Yu Kai, co-founder and chief scientific officer of AISpeech, stated that the company has expanded its workforce to over 700 individuals in research centers located in Beijing and Suzhou, having begun with a team of fewer than 10 people focused on developing an algorithm in Cambridge. A subsidiary has been established in Shenzhen due to its closeness to smart equipment manufacturing, and there is also a unit in southern China dedicated to producing software for vehicles created in collaboration with a local auto-making partner.

Highlighting the significant worry in Beijing regarding US technology restrictions, Xi has imposed limitations on China’s rare earth magnets in recent months to reverse some of Trump’s recent export limitations. US Commerce Secretary Howard Lutnick stated last week that the US and China have signed a document to formalize trade terms established last month in Geneva, which includes a commitment from Beijing to supply rare earths utilized in various applications, from wind turbines to jet planes.

China’s economic stamina was a recurring theme of the trip that commenced in Nanjing, a city in Jiangsu where researchers publish three times more scientific papers than those in New York. Transported by two buses, numerous journalists traveled to Suzhou and the nearby Zhejiang province via high-speed train, as the emphasis of discussions increasingly turned towards the advancement of green technologies. There is ongoing discussion regarding the significance of accessing cutting-edge chipmaking machines and Nvidia’s most advanced AI accelerators. Ren Zhengfei, the founder of Huawei Technologies Co., recently stated that Chinese firms can utilize methods like chip stacking to achieve outcomes comparable to the most advanced semiconductors. Beijing also restricts most AI services from US competitors, which means local companies are not required to compete with American leaders.

According to Julian Mueller-Kaler, director of the Strategic Foresight Hub at the Stimson Center in Washington, China must showcase “confidence and window dressing” following years of technology restrictions. He stated that high-end chips for AI data centers could be substituted with less capable models, which would lead to increased energy consumption. “The reason the Chinese didn’t really retaliate that much after the chips restrictions a few years ago is that Beijing actually likes them, to a certain degree,” he said. “It compels Chinese companies to cultivate their own capabilities and lessen dependence on American technology — a political objective that Chinese decision-makers have pursued for an extended period but was obstructed by economic circumstances.”

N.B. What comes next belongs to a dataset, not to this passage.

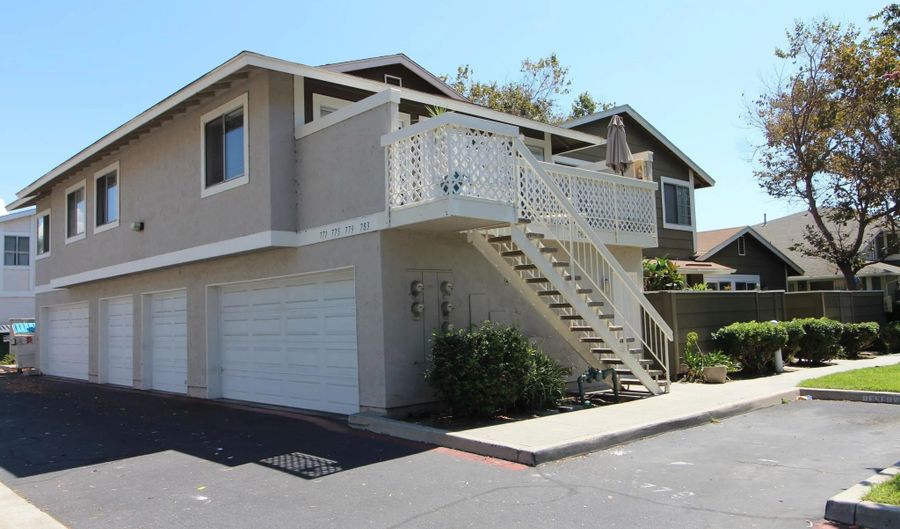 783 Timber Cove Way, Oceanside, CA 92058 - 3 Beds, 2 Bath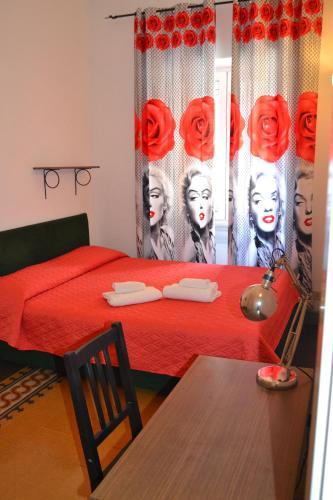 Fotos del hotel - Booking House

Nevertheless, despite the expertise evident, few companies will come through unscathed from the worsening relations with the US. Some executives on the trip expressed their concerns as Trump’s America First policy aims to restrict US investment in China’s high tech sectors. “The impact on financing is significant,” stated Zhang Jinhua, chairwoman of IASO Biotechnology Co., a company that produces a life-saving cancer treatment. “I advise my team to refrain from inquiring about when this winter will conclude. “We must treat winter as the four seasons and adapt to prolonged uncertainty.”

Ray Pierce

Ray Pierce

Ray Pierce is a Senior Market Analyst. He has been covering Asian stock markets for many years.

Privacy PolicyI Accept
We use cookies to track usage and preferences.